Roy Lichtenstein may be best known for his 1960s pop art paintings based on advertisements and comic strips, yet he also produced a significant body of sculpture, including large-scale works designed for the outdoors. House I incorporates the hallmarks of the artist's style: crisp, elemental forms, heavy black outlines, and a palette based on primary colors. Whereas most of the artist's sculpture approximates freestanding paintings in relief rather than volumetric structures in the round, some of his late sculpture, such as House I, exploits the illusionistic effects of a third dimension. The side of the house at once projects toward the viewer while appearing to recede into space.

Graft, 2008 – 2009
Roxy Paine, Graft, 2008 – 2009




At first glance, this sculpture's composition of trunk and branches, and its scale, relate Graft to mature trees in the garden. Yet the differences outweigh the similarities, starting with its shiny, stainless steel exterior. One set of branches appears orderly and rational in its progression upward, while the other set exhibits crabbed, twisted, and fraught boughs. The work's title refers to the horticultural procedure of joining one tree or plant to the bud, stem, or root of another in order to repair it, adapt it to climate or soil change, propagate it, or produce new fruits or flowers. The conjoining of two distinct sides in Graft may also be seen to connect the binary historical tropes in the history of art—classical on the one hand, and romantic on the other. Another definition of "graft" refers to the means by which an individual or entity gains power unfairly.
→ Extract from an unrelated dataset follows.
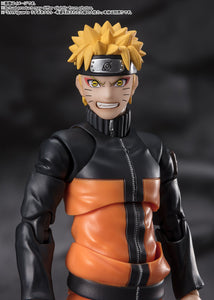 NARUTO -Shippuden- Bandai S.H.Figuarts Uchiha Obito -Dream of Hollow Despair-(JP)-sugoitoys-7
This sculpture is part of a series of stainless steel sculptures the artist refers to as "Dendroids," a term that describes a tree-like, branching form, but also evokes an artificially engineered or mutant body. Graft was added to the Garden on the 10th anniversary of its opening.



An Entrance to the Paris Métropolitain, conceived 1902, fabricated 1902/1913
Hector Guimard, An Entrance to the Paris Métropolitain, 1902, fabricated 1902/1913




Architect Hector Guimard was the principal designer of the Paris Métro system, which opened in 1900 at the time of the Exposition Universelle. His work is associated with art nouveau, a style of art and architecture that is based largely on organic forms from nature. Guimard's designs were meant to clearly mark the new subway entrances and make the novel form of mass transportation more attractive to riders. The three entrance styles he designed were industrially produced in cast iron until 1913. The entrances became so iconic that Parisian art nouveau came to be known as le style Métro and le style Guimard. This version, with its graceful upward reaching tendrils and vines, can still be seen at 86 station entrances in Paris today. Between the 1930s and 1960s, the Métro removed a number of Guimard entrances in poor condition and sold some to collectors and museums who restored and displayed them. In 1978 the remaining intact Guimard entrances were registered in Paris as Monuments Historiques.